Jako że okupujące właśnie kina To nie wypanda stanowi jubileuszową, 25. animację studia Pixar, pozwólcie, że zacznę od małego podsumowania, a zarazem hołdu dla utytułowanej wytwórni. Choć jej początki sięgają jeszcze końcówki lat 70., wszystko co najlepsze zaczęło się w 1995 r., wraz z premierą pierwszej części Toy Story. Film był nie tylko pierwszą pełnometrażową animacją amerykańskiego studia, lecz także pierwszym w dziejach kina filmem fabularnym stworzonym całkowicie przy pomocy komputera. Od tego czasu wytwórnia była na pierwszej linii zmian w mainstreamowej animacji, zarówno pod kątem technologicznym, jak i artystycznym. Nowatorskie pomysły, inteligentne scenariusze, cudowna grafika i poruszające momenty zbudowały Pixarowi grono fanów we wszystkich grupach wiekowych. Jednocześnie warsztat twórców budził (i nadal budzi) zachwyt krytyki: wystarczy zwrócić uwagę na fakt, że aż osiem ich produkcji, czyli co trzeci film kalifornijskiej wytwórni, zdobyło oscarową nominację za scenariusz.
Domee Shi, reżyserka najnowszej animacji studia, dała się poznać filmowemu światu w 2018 r. dzięki krótkometrażówce Bao. Poprzez rewelacyjny filmik Shi w alegoryczny sposób opowiedziała o tzw. syndromie pustego gniazda, przeżywanym przez rodziców po opuszczeniu przez dzieci rodzinnego domu. Za metaforę służył tu dość abstrakcyjny, lecz ogromnie trafny koncept: oto kobieta otacza matczyną opieką ulepiony przez siebie… pierożek. Po tamtym sukcesie Pixar pozwolił reżyserce rozwinąć skrzydła w pełnym metrażu, czego efektem jest właśnie To nie wypanda. Trudno nie zauważyć podobieństw między tymi animacjami: obie opowiadają o rodzinach z chińskimi korzeniami, obie na warsztat biorą trudne relacje rodziców z dziećmi, obie w końcu opierają swój sukces na tzw. podwójnym kodowaniu: rozbieżności tego, co widzimy na ekranie z tym, o czym faktycznie opowiada produkcja. Shi w swoim pełnometrażowym debiucie prowadzi tę grę z widzem na tyle umiejętnie, że jej film pod kątem warsztatowym można śmiało zaliczyć do grona najlepszych filmów wytwórni ostatnich lat. Choć przesłanie, które finalnie za sobą niesie, można uznać za trochę… dyskusyjne.

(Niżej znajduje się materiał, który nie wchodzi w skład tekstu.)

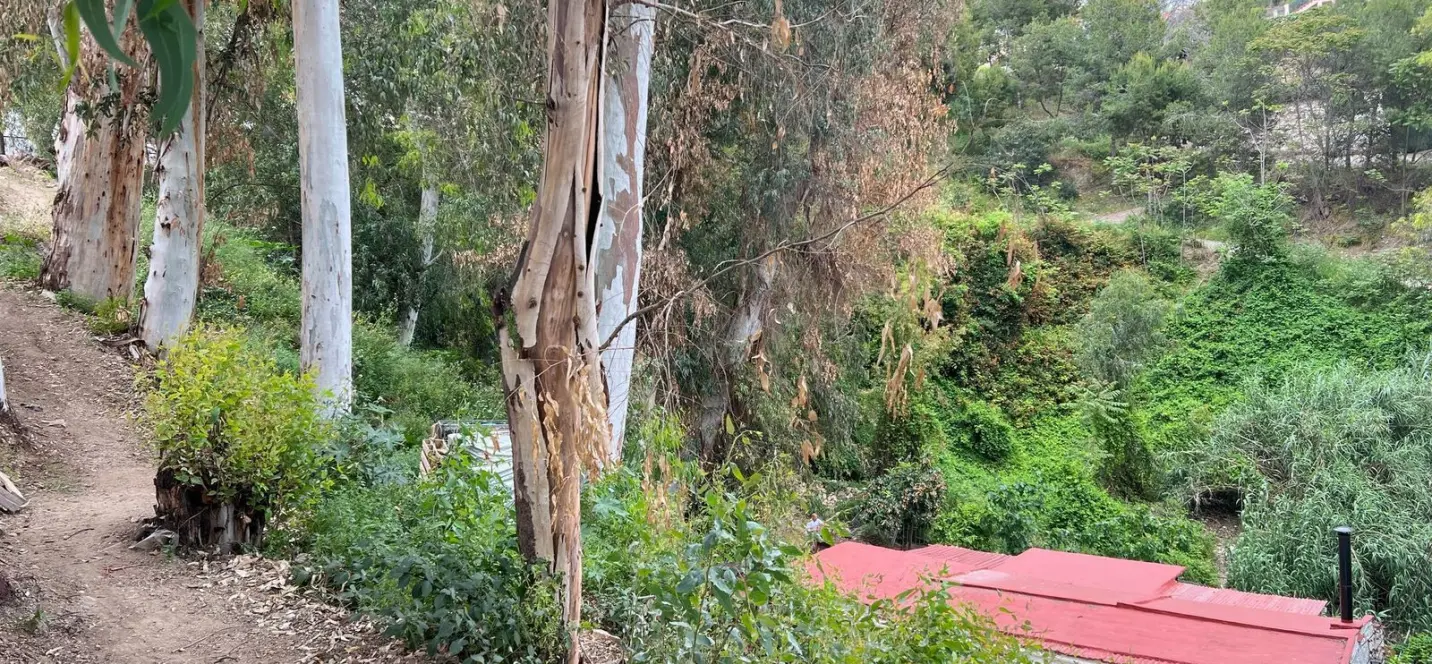 Sale of residential plot in Málaga 1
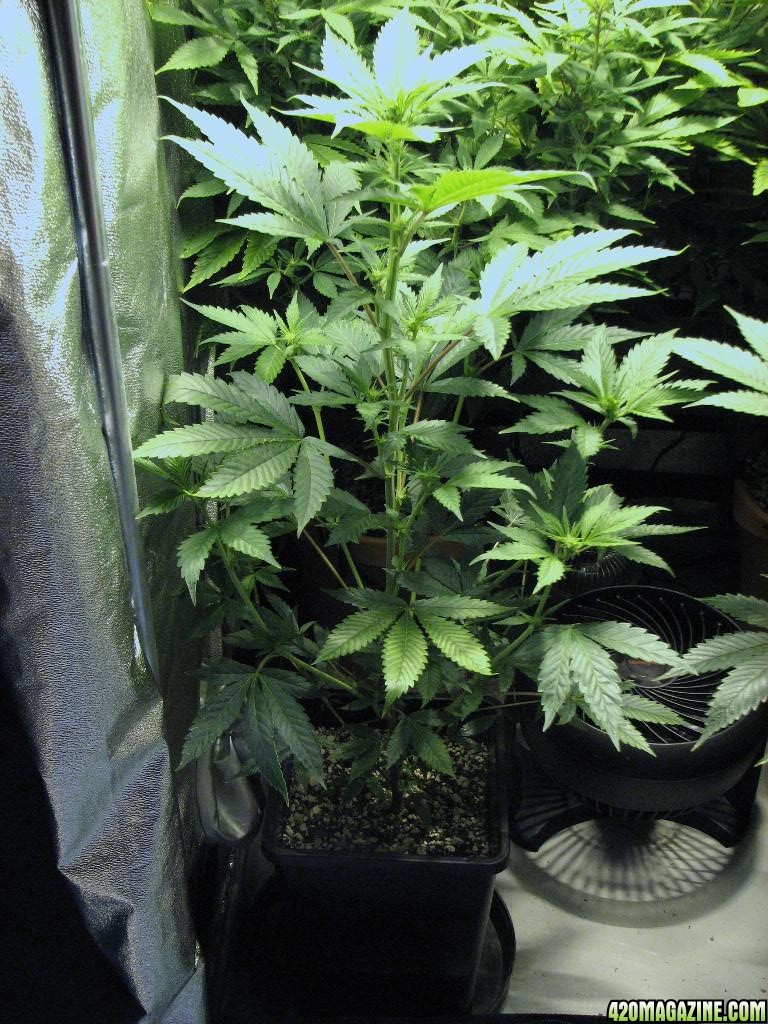 R &amp; R grow, Sunset Kush &amp; Pure Power Plant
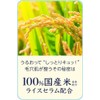 Keana Nadeshiko Rice Mask 10 Pieces Japan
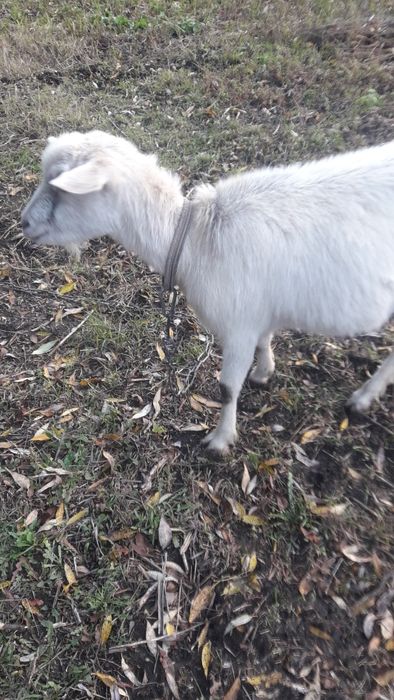 Продам кітну козичку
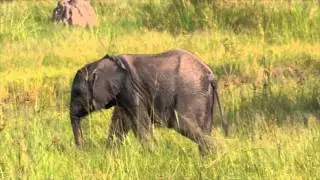 Baby elephant in the Okavango Panhandle with Ngwesi Houseboat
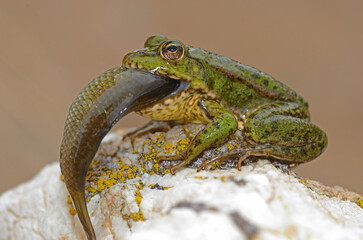 Animals hunting in nature. Frog eats fish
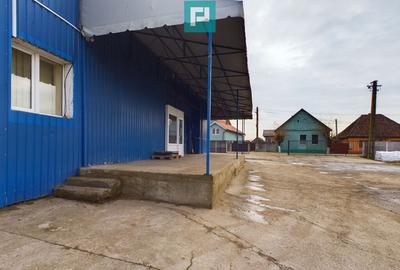 Depozit frigo de inchiriat in Sacalaz - 21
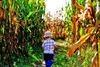 Calgary Corn Maze & Fun Farm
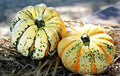 Carnival Squash Seeds - 10 Organic Seeds - Cucurbita pepo - USA Grown, Free Shipping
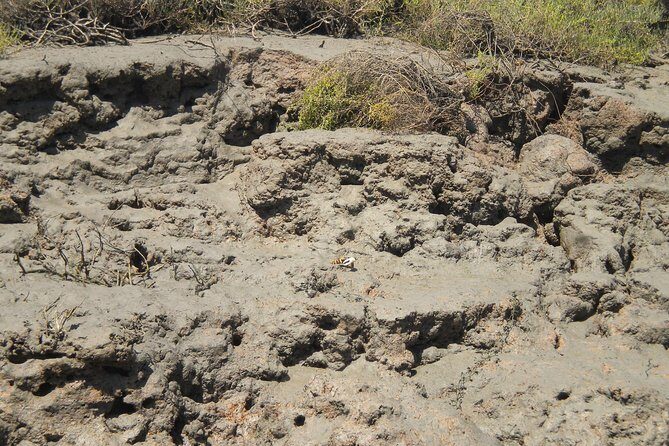 Short boat trip of the Algarve's Ria Formosa lagoon from Faro: 1 hour - Who Will Love This Experience?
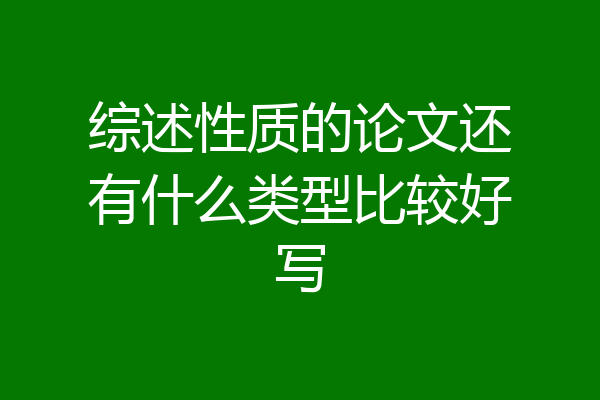 综述性质的论文还有什么类型比较好写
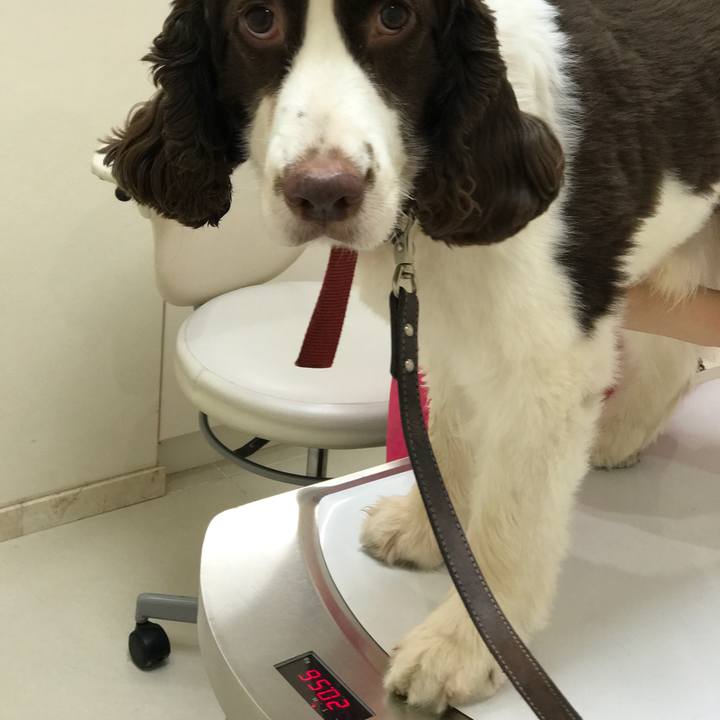 Ee843ce8 deea 4a51 81a4 8ba1aaa548a4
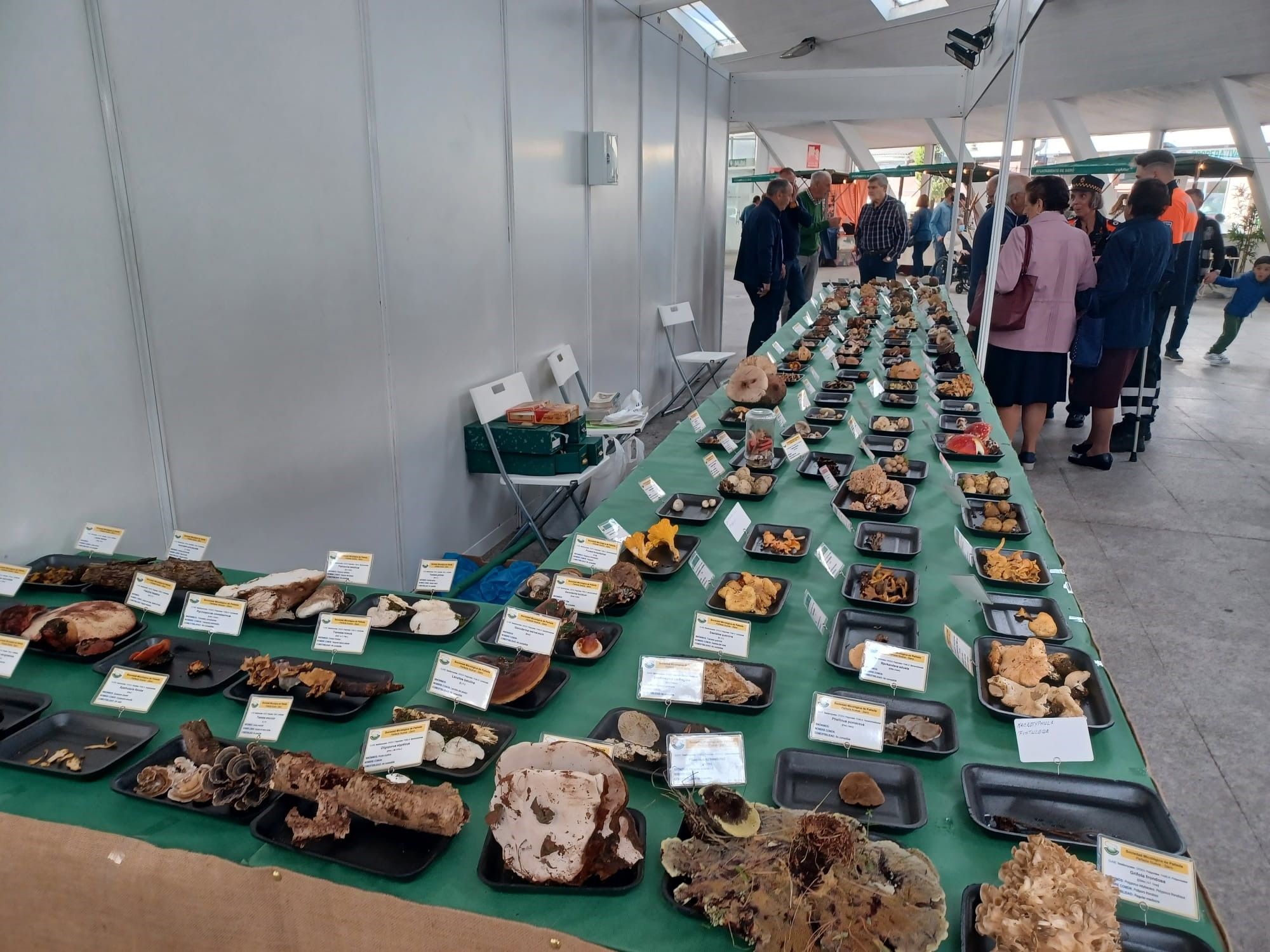 Agrosiero, así se celebra la gran fiesta del campo en la Pola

Temat dorastania, na którym skupia się To nie wypanda, nie jest dla Pixara czymś nowym – pojawiał się już w znakomitych W głowie się nie mieści oraz Toy story 3. Choć ich bohaterowie byli diametralnie różni (jedenastoletnia Riley kontra siedemnastoletni Andy), każdy z nich musiał dojrzeć do stawienia czoła temu samemu zadaniu: pożegnaniu z okresem dzieciństwa. Mei, trzynastoletnia bohaterka najnowszego filmu Pixara, metrykalnie jest pomiędzy tą dwójką; o dzieciństwie jednak dawno już zapomniała. Z jednej strony głośna, szalona, pełna młodzieńczej energii, z drugiej – szkolna prymuska i wzorowa pomocnica domowa. Stanowi połączenie stereotypowej nastolatki i idealnej córki – połączenie nietypowe, ale też oparte na dość kruchych fundamentach. Matka dziewczynki realizuje w jej wychowaniu model skrajnej wręcz nadopiekuńczości (w stylu „Jesteś dziś dziesięć minut później!”) połączony z zupełnym brakiem wyczucia oraz niezrozumieniem potrzeb nastolatki, co jest źródłem szeregu kryzysowych sytuacji. Dopóki trwa opisana wyżej „mała stabilizacja”, stosunki rodzinne układają się jednak bez większych zakłóceń. Wszystko rozsypie się jak domek z kart, gdy pewnego poranka po obudzeniu Mei skonstatuje, że właśnie zmieniła się… w potężną rudą pandę. Odziedziczony po walecznych przodkiniach dar, który z biegiem pokoleń stawał się raczej przekleństwem, będzie się odtąd uaktywniał u trzynastolatki w chwilach wyjątkowego pobudzenia emocjonalnego. Jeśli go nie opanuje, będzie oczywistym źródłem kłopotów – a działać musi szybko, ponieważ wielkimi krokami zbliżać się będzie koncert ukochanego przez Mei boysbandu.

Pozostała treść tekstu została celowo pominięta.